One of music’s most legendary wardrobers now makes jewelry for mortals, too
You may not know Michael Schmidt’s name, but it’s a certainty that you’ve seen his work.
The Los Angeles–based wardrober and custom creator has, for decades now, been the creative genius that big-name stylists and edgy musicians call when they want to collaborate on an earth-shatteringly cool, one-of-a-kind piece of fashion or jewelry.
Those chain mail dresses Tina Turner wore in her heyday? Schmidt made them. The kooky Romanesque outfits LMFAO wore when cavorting with Maddona on stage at the 2012 Super Bowl halftime show? Also by Schmidt, whose studio created nearly 300 pieces for Madonna’s 2012 MDNA Tour and numerous pieces for her 2015 Rebel Heart Tour—his fifth with the iconic artist.
The chain mesh, “Ivy Park”–emblazoned T-shirts Beyoncé’s been wearing on her current Formation Tour were also designed by the artist. In fact, Schmidt’s made special pieces for the majority of living female music/performance legends—Rihanna, Fergie, Dita Von Teese, Dolly Parton, Janet Jackson, Deborah Harry, and Lady Gaga included.
Michael Schmidt created this 24k gold mesh T-shirt, studded with crystal letters, for Beyonce’s Formation Tour.
An iconic Herb Ritts photo of Tina Turner in a Michael Schmidt–made chain mail dress.
Metal and liquid-y chainmail are signature materials for Schmidt, and since 2001 he’s been creating jewelry, bags, clothing, and furniture for the jewelry-centric brand Chrome Hearts.
Now he’s making jewelry and apparel under his own shingle, Michael Schmidt Studios, available on a brand new shoppable website.
Schmidt’s jewelry—a clutch of complicated, seductively punky masterworks wrought in base and fine metals—bear many hallmarks found in his custom work, including densely woven, sinewy metals.
The line—priced from around $500, ascending to the double-digit thousands for diamond-studded pieces—is currently being stocked in some of the swankiest stores in the United States, including Maxfield in LA and Ikram in Chicago.

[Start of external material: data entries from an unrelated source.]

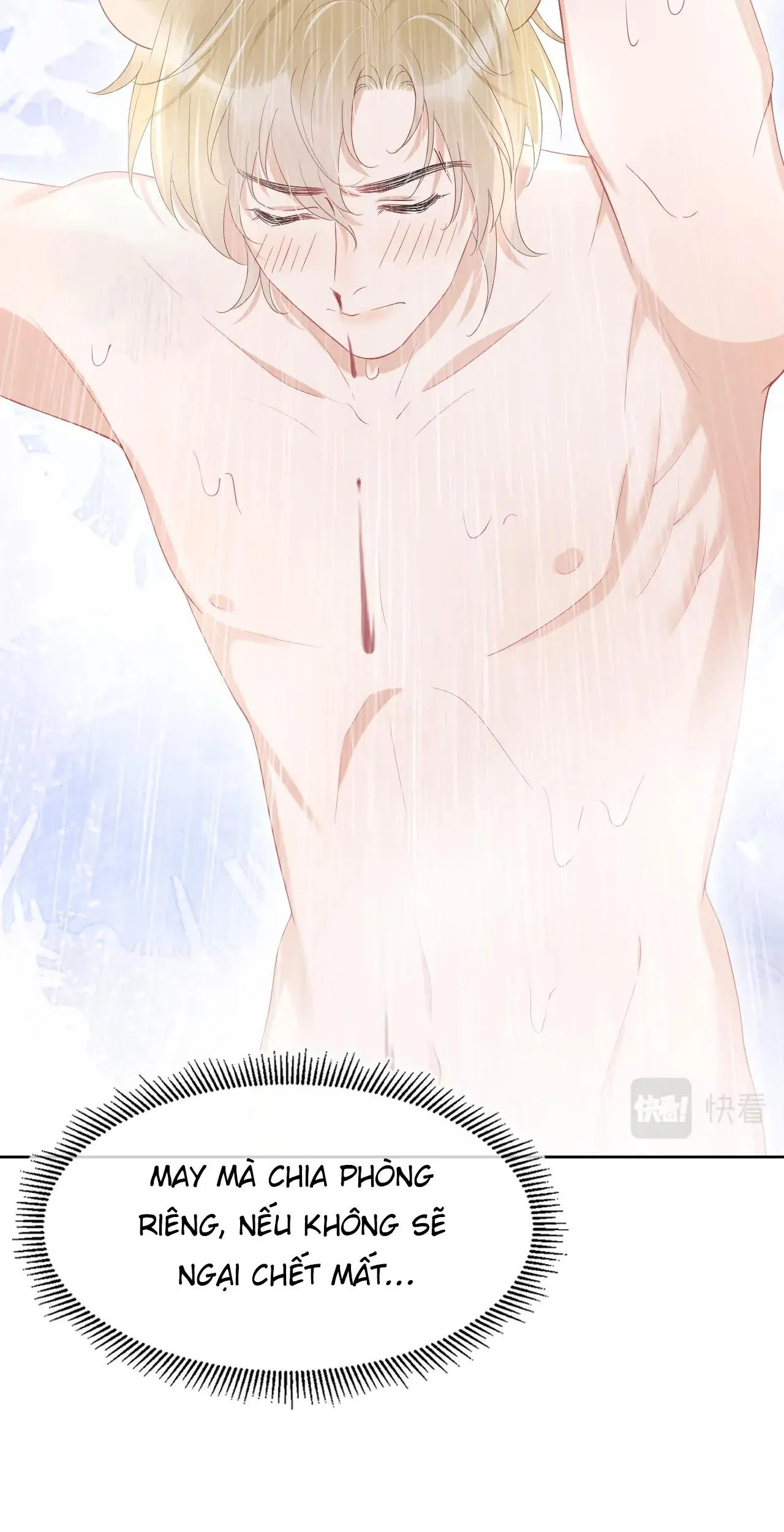 Ăn Sạch Thỏ Chapter 12 Trang 22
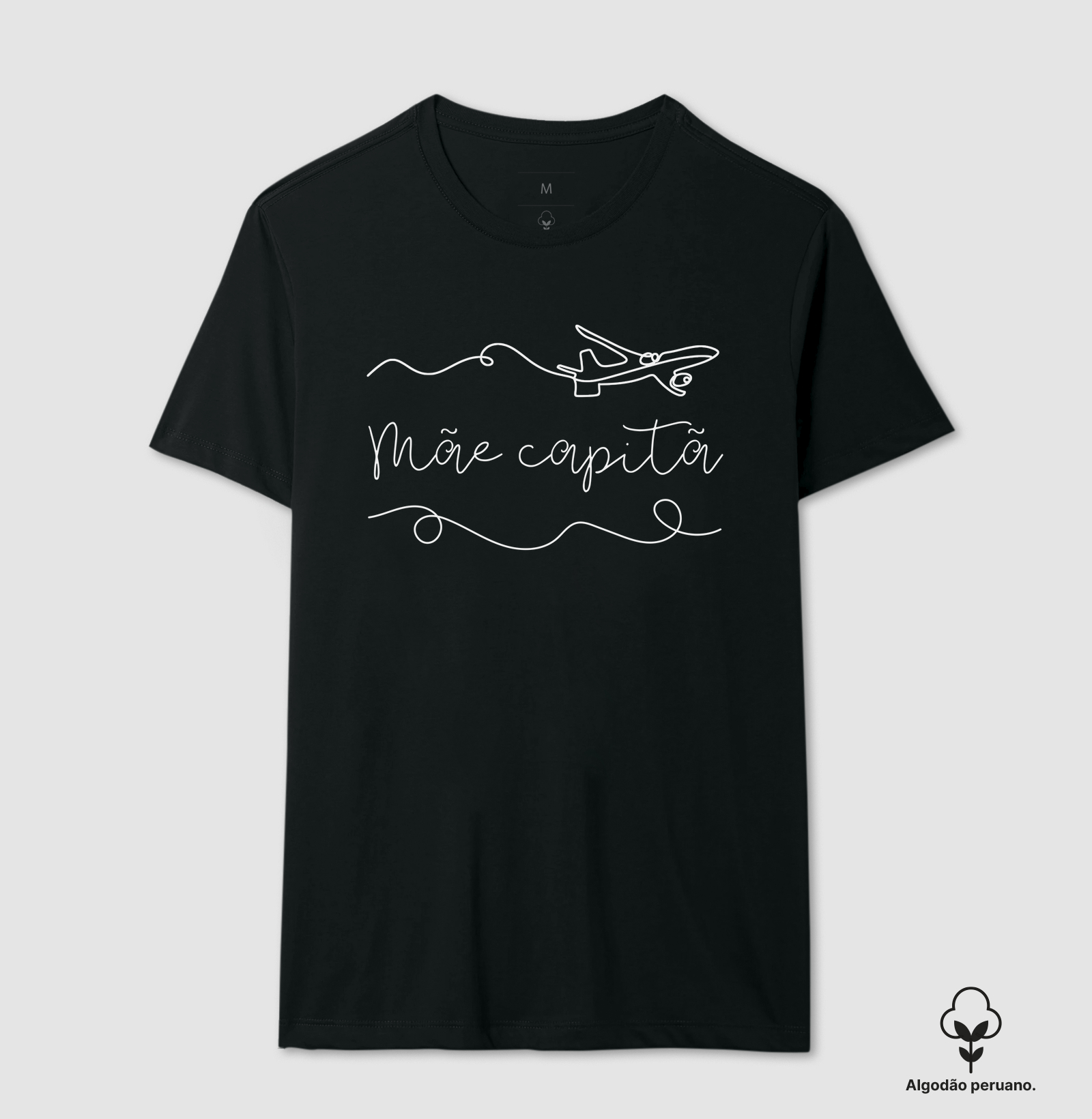 Mãe Capitã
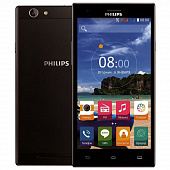 Philips S616 Черный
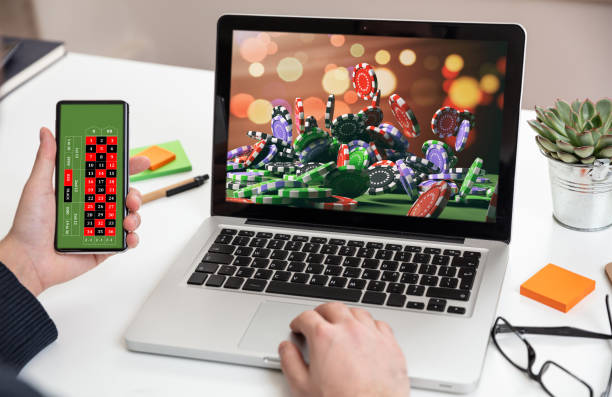 Compare the best online casinos in saudi arabia Choices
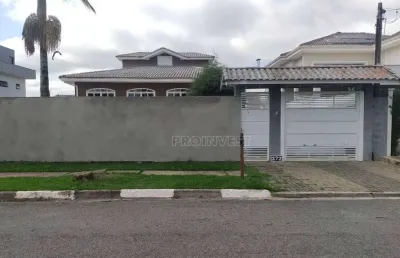 Casa com 3 dormitórios à venda, 360 m² por r$ 1.600.000,00 - haras bela vista - vargem grande paulista/sp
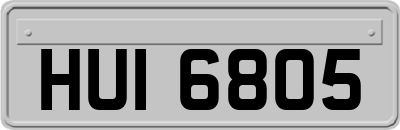 HUI6805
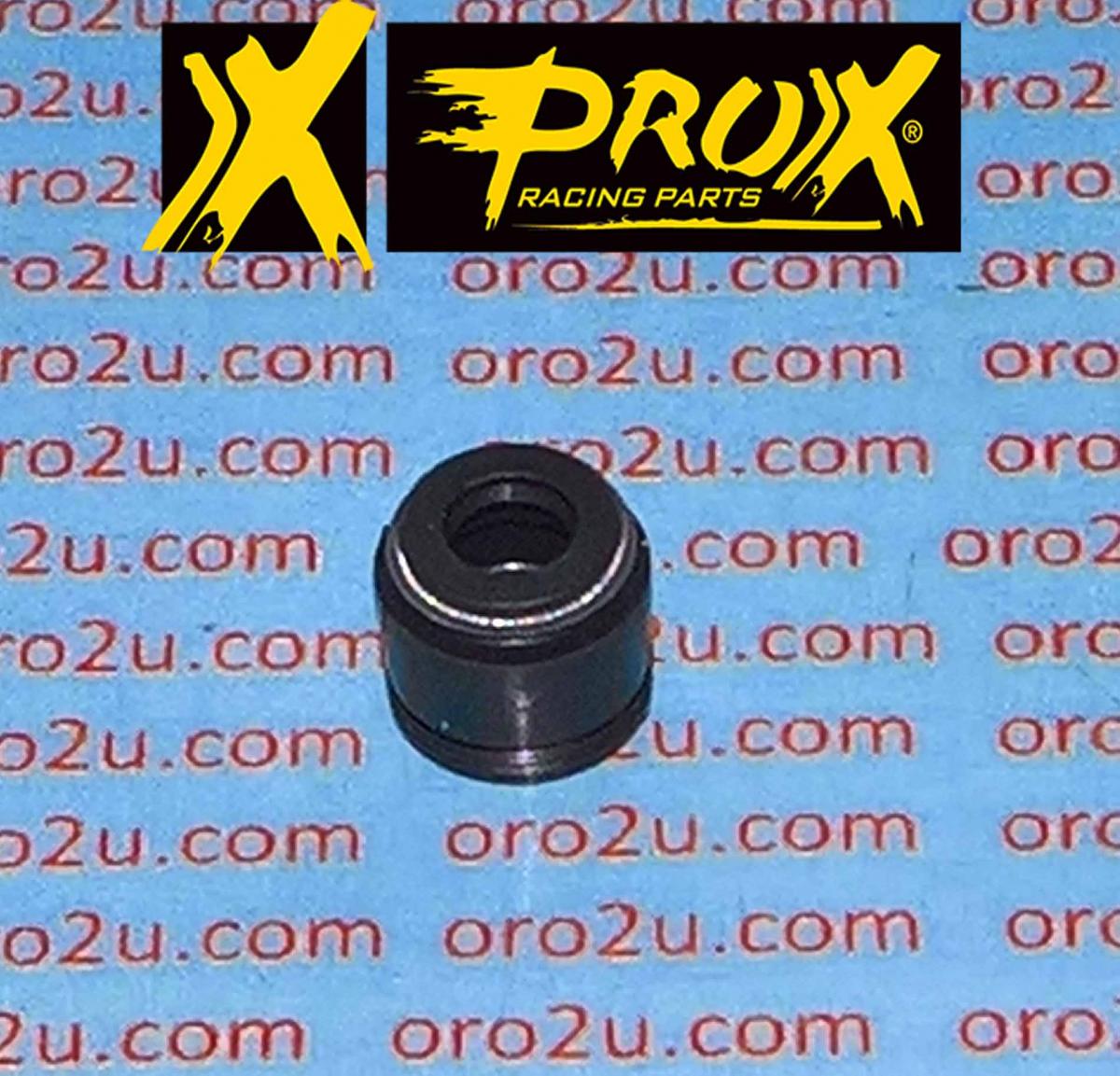 VALVE STEM SEAL RM-Z450 '05-06, PROX 35.VS019 + DR-Z400 '00-1, SOLD INDIVIDUALLY! thumbnail 2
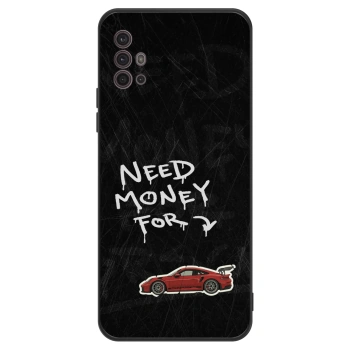 Θήκη για Motorola Moto G30 - Track Mode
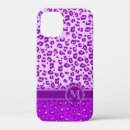 Search for purple animal print iphone cases Pattern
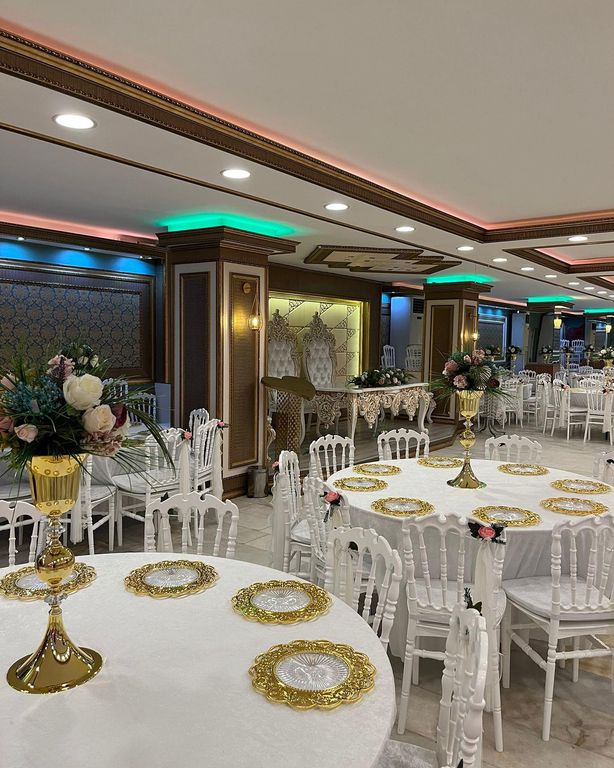 Yıldızlar Düğün Salonu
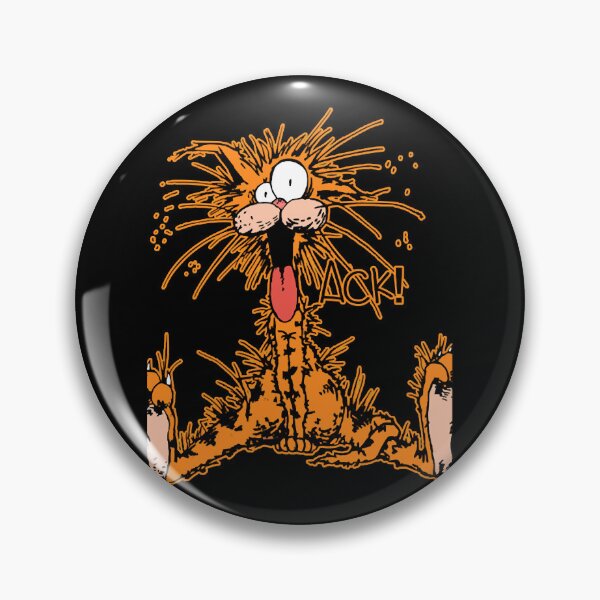 Item preview, Bill The Cat designed and sold by suddbarnes123.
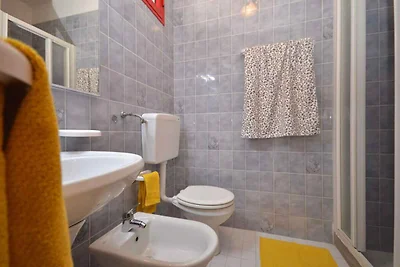 Appartamento Vacanza con famiglia Bibione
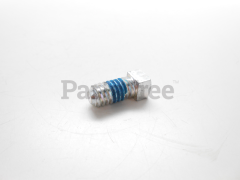Murray 2828721 Screw, Set, Sq., Hd., Cup Pt., 5/16-18 X 1/2, Gr. 8 - image 1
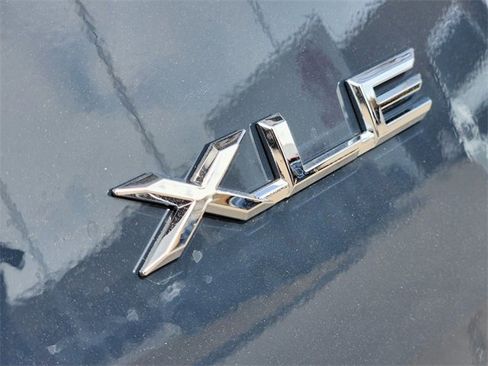 New 2026 Toyota Grand Highlander XLE image 7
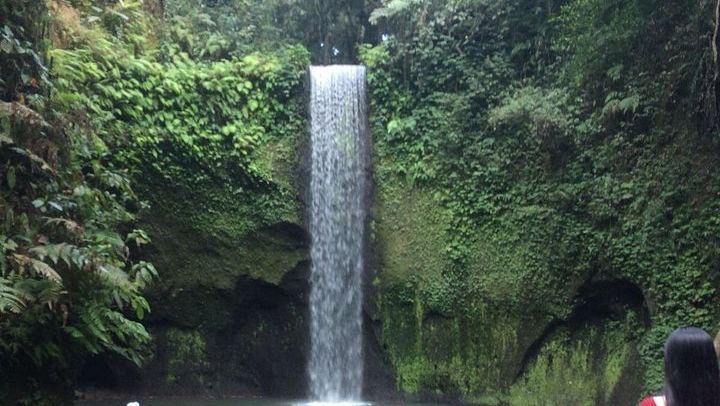 Tibumana and Kanto Lampo Private Waterfall Tour With Wi-Fi Car and Entrance Tickets (2/7)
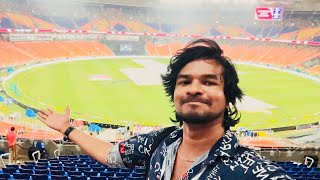 😭 FINAL 🔴 Canceled ☔️ Day CSK vs GT Rain Vlog  Madan Gowri  StarSportsIndia [upl. by Carson44]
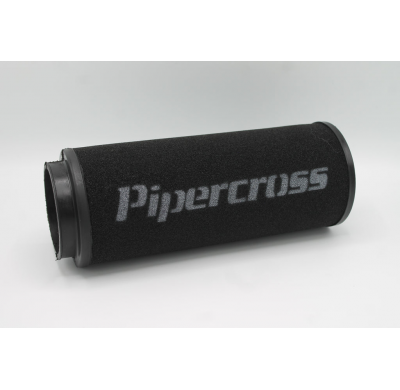 FILTRO TIPO ORIGINAL Volvo V70 R 2.5 R AWD AÑO 03/03 - <br> PIPERCROSS Unique Panel <br>Medidas     80  298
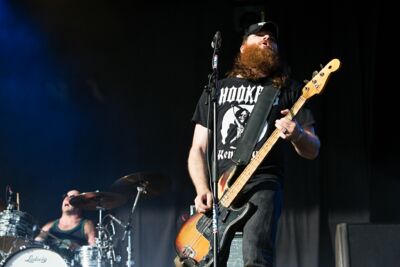 Peter Pan Speedrock @ Masters @ Rock 2013, picture 19, photographed by Edwin Houdevelt - FrontView Magazine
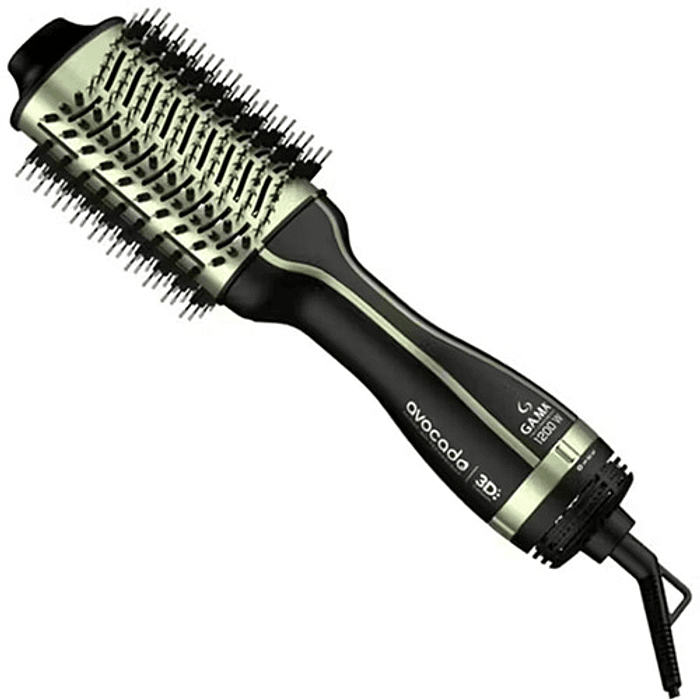 CEPILLO GAMA AVOCADO POWER BRUSH 3D 220 1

We caught up with the designer days after his website went live.
When did you start making jewelry specifically for retail?
Michael Schmidt: I’ve made jewelry for as long as I can remember, since I was a child. Once I moved to New York City in the ’80s I began making wearable art pieces in earnest. The pieces we do now are informed by the techniques and materials we utilize for our entertainment industry clients, but in a more accessible way.
You’re known for your creative custom pieces for celebs—what made you want to start creating jewelry everyone can get their hands on?
Schmidt: Working with entertainers is a collaborative experience, which I very much enjoy. Sometimes, however, one wants to create something for purely selfish reasons. It helps to define one’s voice in the world. My jewelry and wardrobing collections allow me to do that.
Sterling silver mesh Lyre bracelet, $3,425
Are your jewelry pieces inspired by famous pieces you’ve done (like Tina’s chain mail dresses)?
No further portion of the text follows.